I did try building without the separate libarrow_python.so, i.e. linking libarrow_python as a static library then linking statically into each cython extension, but (a) it is too much bigger, even with dead code elimination, (b) bad things happened in testing because libarrow expects to only exist once.

I've also added a docker configuration to build emscripten python and run the test suite on node.js, chrome and firefox. Some notes on this:

  1. Right now it has a patch for pyodide, to fix the bug https://github.com/emscripten-core/emscripten/pull/21759/ which is applied in the python test script. Once pyodide 0.26 releases this can be dropped.

  2. The script (in python/scripts which runs the tests is non-trivial; at some point it would be worth upstreaming this code to somewhere pyodide related, but I can't work out where right now. I'm talking to pyodide people about it, but for now it needs to live in arrow still.

joemarshall avatar Apr 22 '24 11:04 joemarshall

Oh, also, about the get_env_options stuff in setup.py. The problem with your proposed solution is that setup.py depends on those options internally. So if we do everything in CMakelists.txt, setup.py can't know what they are set to there.

joemarshall avatar Apr 22 '24 12:04 joemarshall

@kou rebased now. python tests pass now also.

joemarshall avatar May 31 '24 07:05 joemarshall

@kou I've gone through those comments I think - there's two open discussions - one about what platforms to test on, and one about CMAKE_INSTALL_LIBDIR.

Of these - the testing platforms, I think it could go down to just node and chrome. Going down to just node is a possibility, but I think slightly risky, because system calls including files, dates and times etc. are handled differently between node and browser.

I think the INSTALL_LIBDIR is right, because with it disabled, we install into emscripten sysroot, which makes python build work nicely.

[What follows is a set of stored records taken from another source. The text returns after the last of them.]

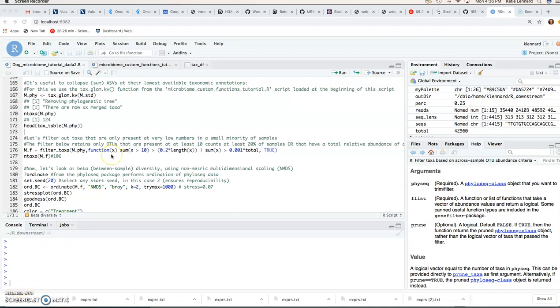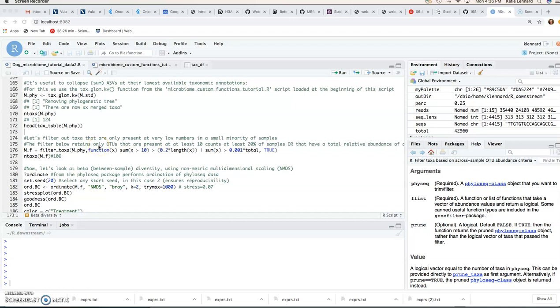In the previous video lecture, we collapsed our ASVs at the lowest taxonomic annotation for use downstream with the tax clone function, and we also filtered that phyloseq object just to get rid of really low-level OTUs that we're not interested in looking at.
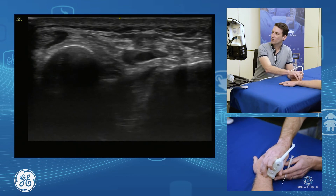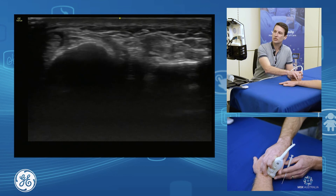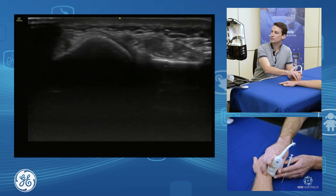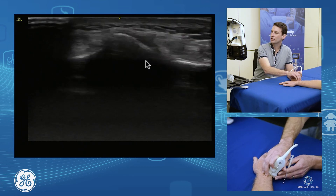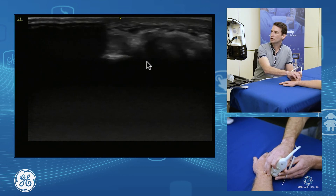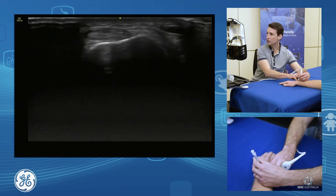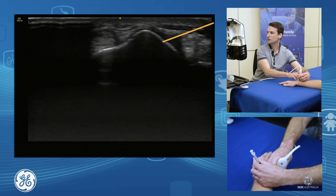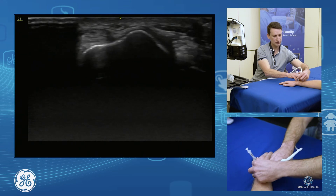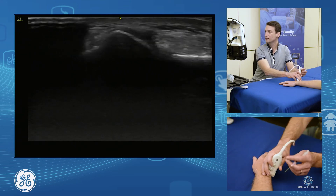For our distal radioulnar joint injection, we again use radius and ulna, sliding down until we come to that joint line, moving across, and we can simply drop down onto the cartilage and inject. Just a simple approach down onto the cartilage there.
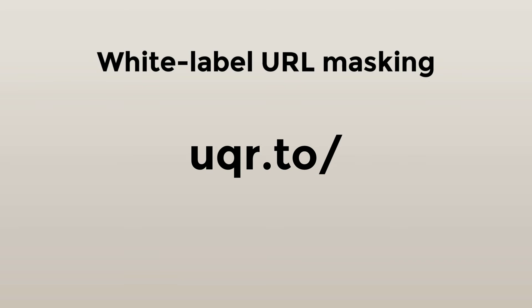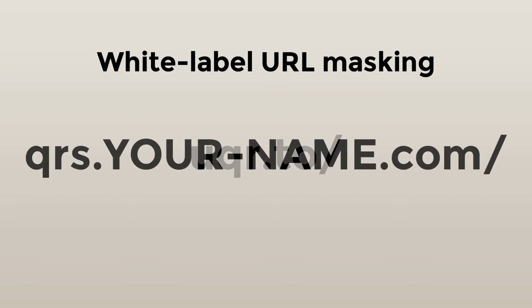This is where white label comes into play. With UQArmy, you can mask our domain and show yours.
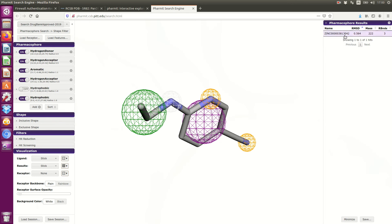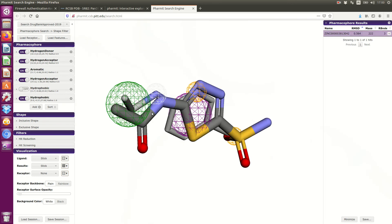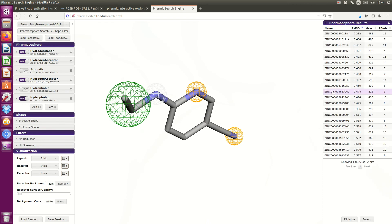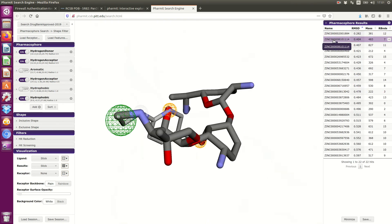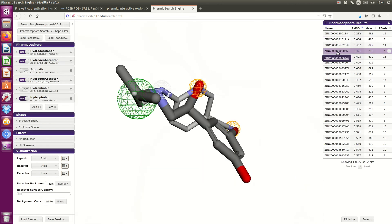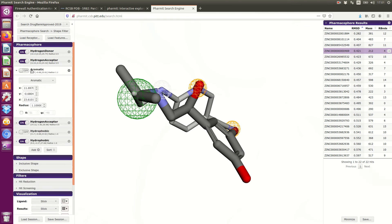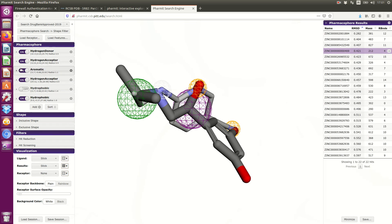Now I got one result. As you can see, it fits very well with the crystallographic ligand. I will make the search again, removing one of the pharmacophoric features, and make a new search. As you can see, I can now find several compounds. You have to test several other options and try again.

joemarshall avatar May 31 '24 14:05 joemarshall

Of these - the testing platforms, I think it could go down to just node and chrome. Going down to just node is a possibility, but I think slightly risky, because system calls including files, dates and times etc. are handled differently between node and browser.

It makes sense. Let's choose the approach.

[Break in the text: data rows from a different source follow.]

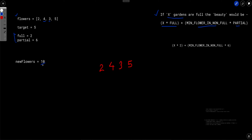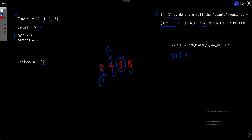Let's say we have 10 flowers to plant. We decide to plant eight flowers in one garden, making it 12, and two flowers in another, making it four. With target equal to five, gardens with at least five flowers are full — there are two full gardens. For non-full gardens, the minimum is three. So beauty equals two times full plus three times partial, giving 22.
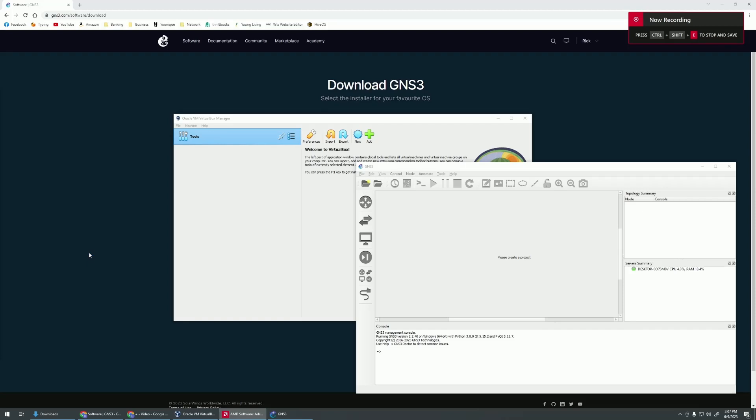Alright, welcome back. In the previous video, we went through the GNS3 installation and got that all set up.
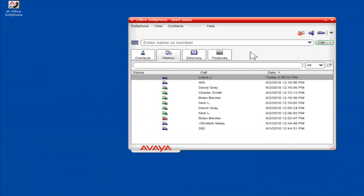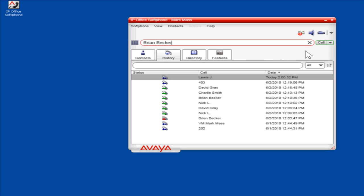Make an Audio Call. To make a call from Softphone, in the Enter Name or Number field, enter the appropriate number or contact name. From the Call drop-down, select Audio Call.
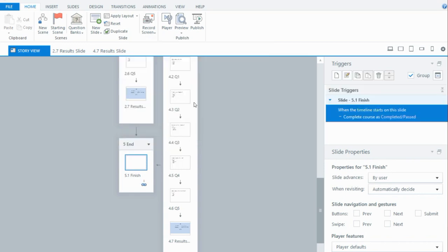So that's how you can add an assessment first option to a Storyline project. Hopefully that's helpful, and remember you can customize it to your needs for your particular projects.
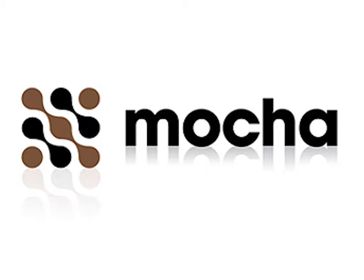Hey guys, today we are going to learn about Imaginary Systems Mocha, which is a relevant and highly used software in our VFX industry right now.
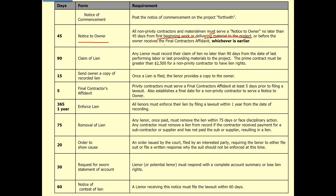The deadline is also before the owner receives and relies on a final contractor's affidavit, whichever is earlier. You can send a notice any time prior to starting the job. Once you start or have your materials delivered, that 45-day count starts. If you go beyond the 45th day, you lose your lien rights — you have no rights to the owner's property anymore. So make sure to do it within 45 days.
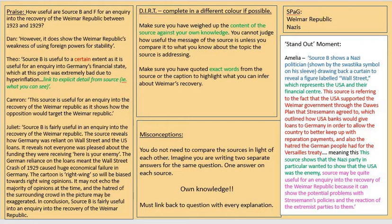Cameron, looking at source B, stated that the source is useful for an inquiry into the recovery of the Weimar Republic — he's taken the question and rephrased it as his opening sentence, which is exactly what we've practiced in class. He then looks at how the source shows that opposition would be an issue for the Weimar Republic and could go on to link that to why opposition would limit their recovery overall. I really like how Cameron has thought about how to open his answer.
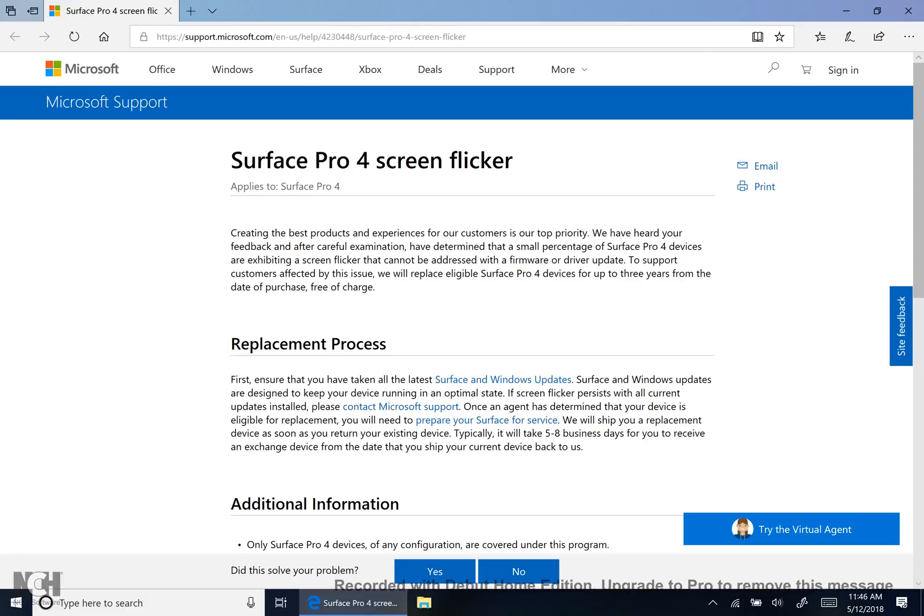When you're contacting them, this should be a 30 minute to an hour and 30 minute conversation. It could take longer or shorter. But basically what they're going to do is give you a series of processes. Have you updated? Have you done SFC scan now? Have you uninstalled and reinstalled your display driver? Stuff like that. You've probably done through all this process. Your screen flickering is unbearable right now. You know exactly, so just be patient with them because they don't know exactly what you know.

I think the INSTALL_LIBDIR is right, because with it disabled, we install into emscripten sysroot, which makes python build work nicely.

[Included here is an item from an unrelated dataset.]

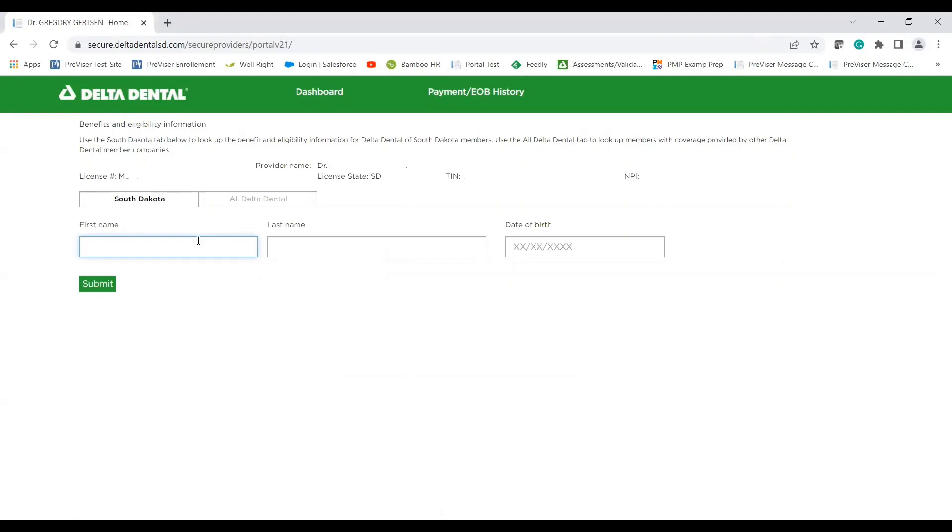So biggest change you'll notice is that the search criteria is different than the previous lookup. We have now changed from subscriber ID and subscriber date of birth to patient first name and last name.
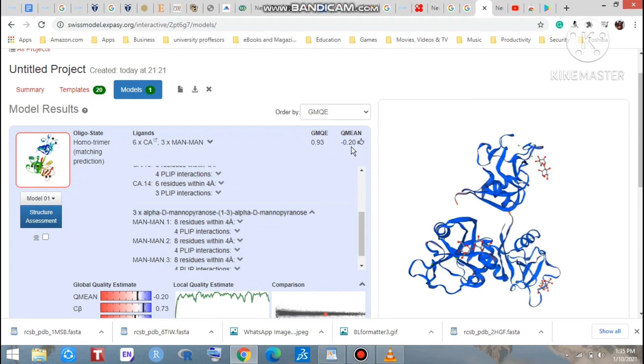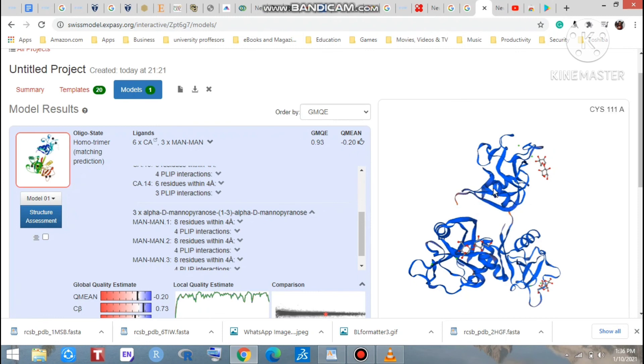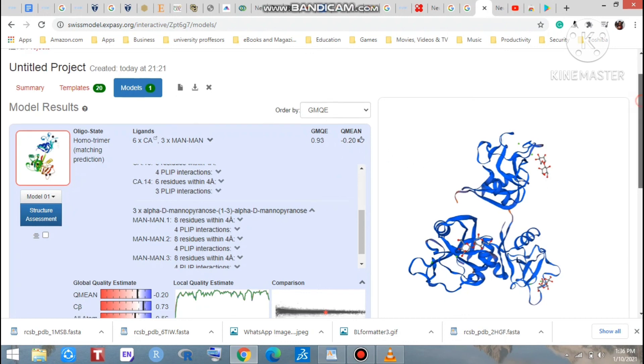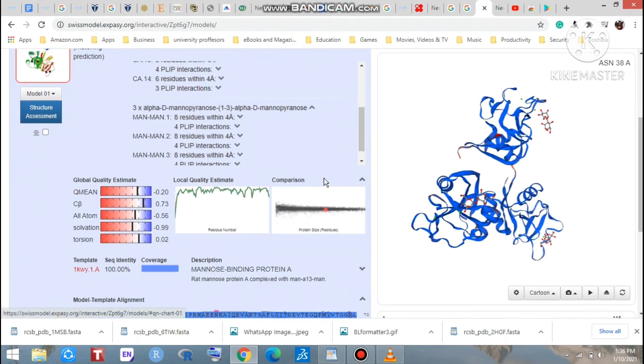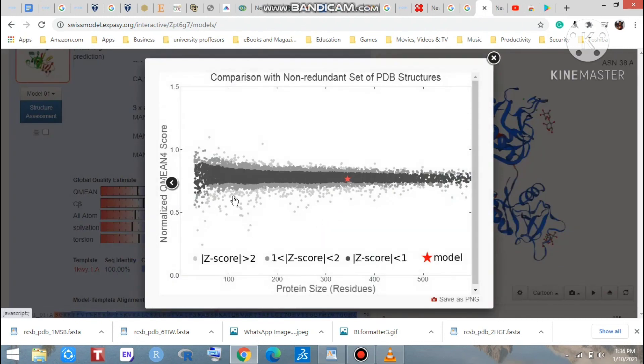What is this QMEAN score? Actually, you have built a model - is it good or low quality? How good is the model? It depends on this QMEAN score. If you get this like a thumbs up, that means you built a model which is good enough.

It means that we should use INSTALL_LIBDIR not CMAKE_INSTALL_LIBDIR, right? I think that it's not related.

Can we specify Emscripten sysroot as ARROW_HOME instead of removing -DCMAKE_INSTALL_PREFIX=${CMAKE_INSTALL_PREFIX:-${ARROW_HOME}}?

kou avatar May 31 '24 21:05 kou

:warning: GitHub issue #41910 has been automatically assigned in GitHub to PR creator.

github-actions[bot] avatar Jun 01 '24 13:06 github-actions[bot]

Could you open a new issue instead of reusing closed GH-23221?

Opened https://github.com/apache/arrow/issues/41910

joemarshall avatar Jun 01 '24 13:06 joemarshall

@kou those changes are in now

joemarshall avatar Jun 05 '24 22:06 joemarshall

@joemarshall thanks for the updates!

You added the conda-python-emscripten docker build, but is this actually used somewhere? (I don't see any equivalent changes to the CI setup to run this, or to tasks.yml to enable it as nightly build (like is done for ubuntu-cpp-emscripten))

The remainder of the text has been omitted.